BEGIN Source data

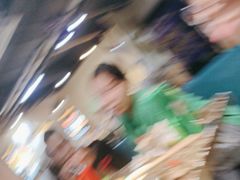 -新艺自助美食城(中山路店)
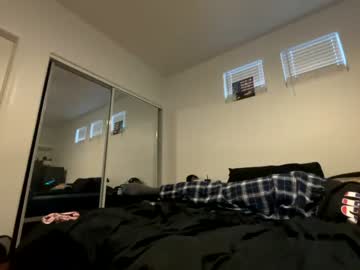 couple
        bigbbc2023 cam image #2756239
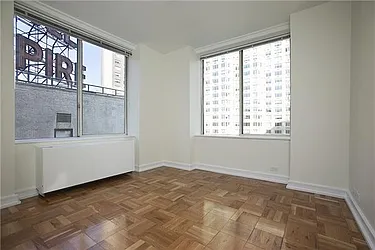 Sold by Space Marketing Shop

END Source data

§ What you are asked to do:
Every line above needs to be written out again as it stands. Pictures do not belong in the copy.

§ Your solution:
 -新艺自助美食城(中山路店)
 couple
        bigbbc2023 cam image #2756239
 Sold by Space Marketing Shop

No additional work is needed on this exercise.